URMF: Uncertainty-aware Robust Multimodal Fusion for Multimodal Sarcasm Detection
Summary: arXiv:2604.06728v1 Announce Type: cross
Abstract
Multimodal sarcasm detection (MSD) aims to identify sarcastic intent from semantic incongruity between text and image. Although recent methods have improved MSD through cross-modal interaction and incongruity reasoning, they often assume that all modalities are equally reliable. In real-world social media, however, textual content may be ambiguous and visual content may be weakly relevant or even irrelevant, causing deterministic fusion to introduce noisy evidence and weaken robust reasoning.
Introduction
To address the challenges in multimodal sarcasm detection, we propose Uncertainty-aware Robust Multimodal Fusion (URMF), a unified framework that explicitly models modality reliability during interaction and fusion. This innovative approach recognizes the inherent uncertainties in both textual and visual modalities, which can significantly impact the effectiveness of sarcasm detection.
Key Features of URMF
- Multi-Head Cross-Attention: URMF first employs multi-head cross-attention to inject visual evidence into textual representations, enhancing the interaction between different modalities.
- Incongruity-Aware Reasoning: The framework utilizes multi-head self-attention in the fused semantic space to bolster incongruity-aware reasoning, allowing for a more nuanced understanding of sarcasm.
- Aleatoric Uncertainty Modeling: URMF performs unified unimodal aleatoric uncertainty modeling over text, image, and interaction-aware latent representations. Each modality is parameterized as a learnable Gaussian posterior, which enables the model to account for variability in the data.

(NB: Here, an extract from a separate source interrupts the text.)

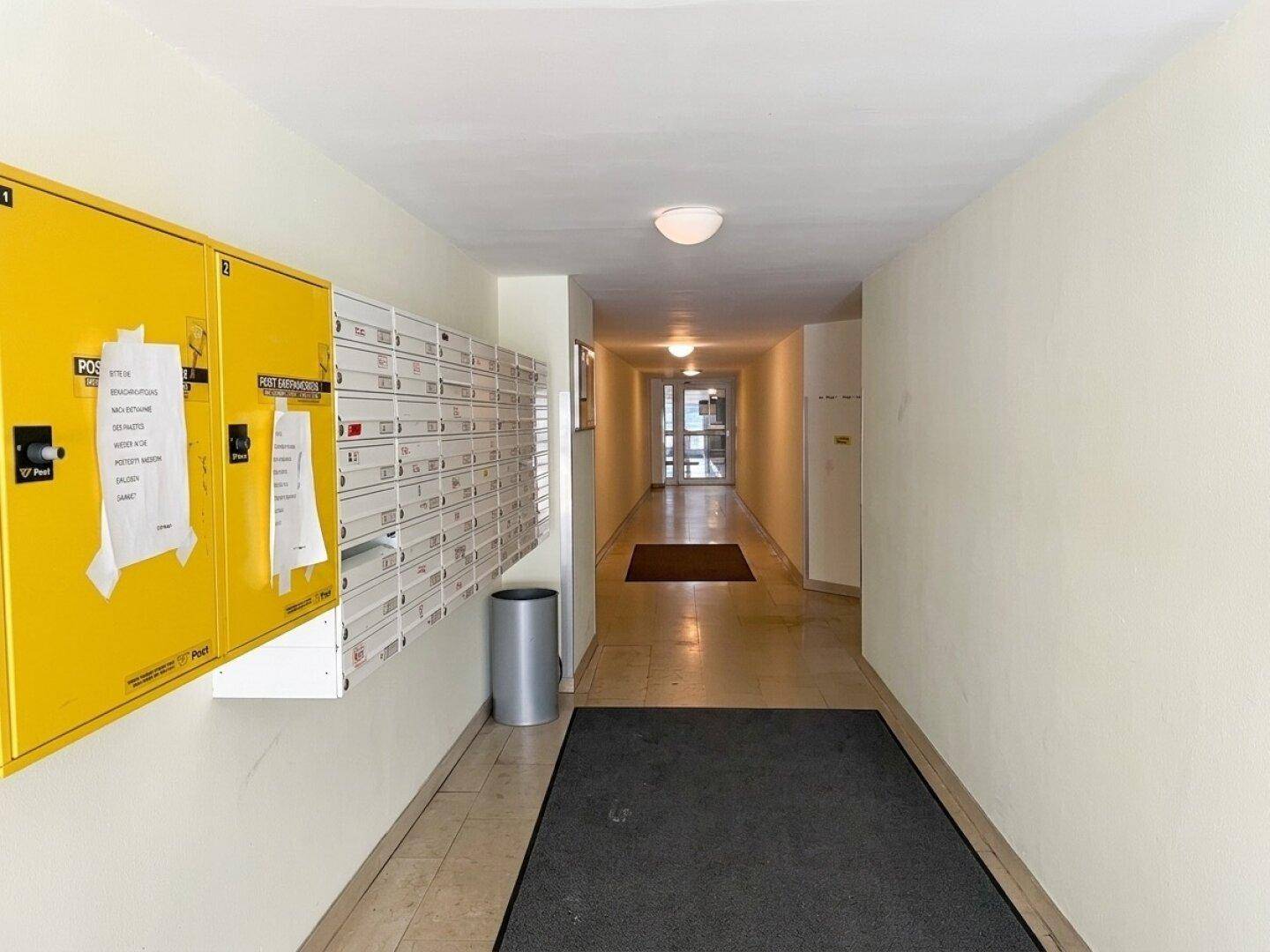 Langer Flur im Eingangsbereich mit vielen Briefkästen und gelben Postfächern.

- Dynamic Modality Regulation: The estimated uncertainty is utilized to dynamically regulate modality contributions during fusion, effectively suppressing unreliable modalities and yielding a more robust joint representation.
- Joint Training Objective: A comprehensive joint training objective integrates task supervision, modality prior regularization, cross-modal distribution alignment, and uncertainty-driven self-sampling contrastive learning, ensuring a well-rounded training process.
Experimental Results
Experiments conducted on publicly available MSD benchmarks demonstrate that URMF consistently outperforms strong unimodal, multimodal, and MLLM-based baselines. The results showcase the framework’s effectiveness in improving both accuracy and robustness in sarcasm detection tasks.
Conclusion
URMF represents a significant advancement in the field of multimodal sarcasm detection by addressing the critical issue of modality reliability. By incorporating uncertainty-aware fusion techniques, URMF not only enhances the accuracy of sarcasm detection but also provides a more resilient framework capable of handling the complexities of real-world social media content. As the landscape of communication continues to evolve, models like URMF will be essential for accurately interpreting nuanced human interactions.